When it comes to cloud platforms, American tech giants have a strong grip on the EU. Google Cloud, along with Microsoft Azure, AWS, and Alibaba, currently dominate Europe’s cloud market in both the public and private sector. Even the German police store bodycam footage on AWS cloud servers. So do many European companies, including Nokia, Vodafone Italy, Lamborghini, and the European Space Agency. Spotify, headquartered in Sweden, made the shift from AWS to Google Cloud back in 2016.

France and Germany are currently working to create a local cloud solution, but US tech giants don’t seem worried about the prospect of losing EU customers. Of the 10 largest cloud providers in Europe, only three—Deutsche Telekom, Orange, and OVH—are based in the region, according to figures provided to Quartz by Synergy Research Group. The top four cloud providers in Europe are Amazon, Microsoft, Google, and IBM, all American companies. 
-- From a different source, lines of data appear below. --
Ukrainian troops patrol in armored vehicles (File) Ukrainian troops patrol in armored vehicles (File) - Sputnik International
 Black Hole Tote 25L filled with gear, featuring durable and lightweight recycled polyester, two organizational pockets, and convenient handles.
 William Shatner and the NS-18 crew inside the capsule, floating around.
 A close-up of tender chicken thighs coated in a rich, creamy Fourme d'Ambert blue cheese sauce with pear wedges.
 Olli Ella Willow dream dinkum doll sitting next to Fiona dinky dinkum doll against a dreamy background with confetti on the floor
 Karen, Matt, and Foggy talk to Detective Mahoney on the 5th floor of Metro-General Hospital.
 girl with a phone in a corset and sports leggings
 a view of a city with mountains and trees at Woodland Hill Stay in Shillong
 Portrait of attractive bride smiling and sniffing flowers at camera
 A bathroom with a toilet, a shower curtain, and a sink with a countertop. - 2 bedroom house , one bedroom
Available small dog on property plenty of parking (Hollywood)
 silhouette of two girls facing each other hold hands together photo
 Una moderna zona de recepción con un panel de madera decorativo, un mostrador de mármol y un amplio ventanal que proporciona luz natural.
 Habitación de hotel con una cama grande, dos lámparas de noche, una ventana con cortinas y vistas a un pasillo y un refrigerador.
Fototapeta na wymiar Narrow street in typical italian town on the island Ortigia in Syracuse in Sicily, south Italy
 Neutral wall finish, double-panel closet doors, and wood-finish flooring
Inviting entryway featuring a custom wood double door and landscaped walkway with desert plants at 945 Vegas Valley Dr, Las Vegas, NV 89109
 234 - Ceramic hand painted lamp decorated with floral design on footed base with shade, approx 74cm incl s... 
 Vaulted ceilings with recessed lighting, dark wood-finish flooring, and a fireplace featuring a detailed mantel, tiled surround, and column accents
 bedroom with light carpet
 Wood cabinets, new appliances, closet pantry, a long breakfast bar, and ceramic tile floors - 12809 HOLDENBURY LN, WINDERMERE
The three European cloud providers on the list make up a small fraction of the region’s cloud market. “For Deutsche Telekom and on down the list, no one had more than 2% of the European market,” wrote John Dinsdale, chief analyst and research director at Synergy Research Group, in an email to Quartz.

The conflict behind Europe’s big data opportunity

Beyond the possibility that a single market might not enable the EU’s AI and data goals, there is the fear that the EU is abandoning its ideals on data privacy in the interest of keeping pace with the US and China.

“We often hear that China and the US are leading the so-called AI race because they have more data, more investments, and more AI uptake,” says Daniel Leufer, Mozilla Fellow at Access Now. “But they also have the most infamous cases of AI abuses. Is this really a race we want the EU to enter?”

Leufer and privacy critics of the EU proposal argue that Europe’s role as chief watchdog of the digital space has kept Silicon Valley in check. While tech giants in the US and Asia were being given free rein, Europe led the world in imposing strict rules on privacy and antitrust, as well as huge corporate taxes on tech giants. The GDPR has returned to EU citizens the ownership of their personal data and who it gets shared with, all the while imposing strict fines on the companies who violate its guidelines.

But while US and Chinese tech giants have chosen to remain in Europe and do business on the bloc’s terms, its native tech industry has struggled. 

Jarno Koponen, who heads AI and personalization at Yle News Lab, the Finnish Public Broadcasting Company, believes that while the EU’s regulatory system has been unfriendly to “data-harvesting” tech giants like Google and Facebook, it has posed a greater challenge for Europe’s homegrown tech scene. “These big tech companies have resources to navigate the regulations, but […local] AI and machine learning startups are facing hard times when trying to compete on an international level,” Koponen says. 

Pam Samuelson, a professor at the University of California at Berkeley School of Law, thinks Europe’s many laws on copyright, press publisher rights, as well as text- and data-mining rules have put it at a disadvantage against the US in building a thriving information economy.

“The EU aspires to be a leader in data-intensive industries, but adopts policies that impede the use of data, which undermines these aspirations,” Samuelson wrote.

One only needs to remember the fight between the EU and Google, which led to European works and authors being removed from Google Books, for an example of how seriously Europe takes its laws on information. Just this month, Facebook had to remove its Dating feature for European users because it was in violation of the bloc’s privacy rules. 

For Koponen and other European technologists, the EU Data Strategy is an important start to a conversation that needs to happen about Europe’s regulatory approach to its own tech companies. But its vision of a single market for data comes in conflict with the regulation-free environment that has traditionally allowed tech to prosper.

“[The EU Data Strategy] paints a picture of a monolithic data platform, a European single market for data,” says Koponen. “And if you truly want to support proactive innovation in fast-moving markets, it doesn’t happen in reality by first building monolithic platforms.”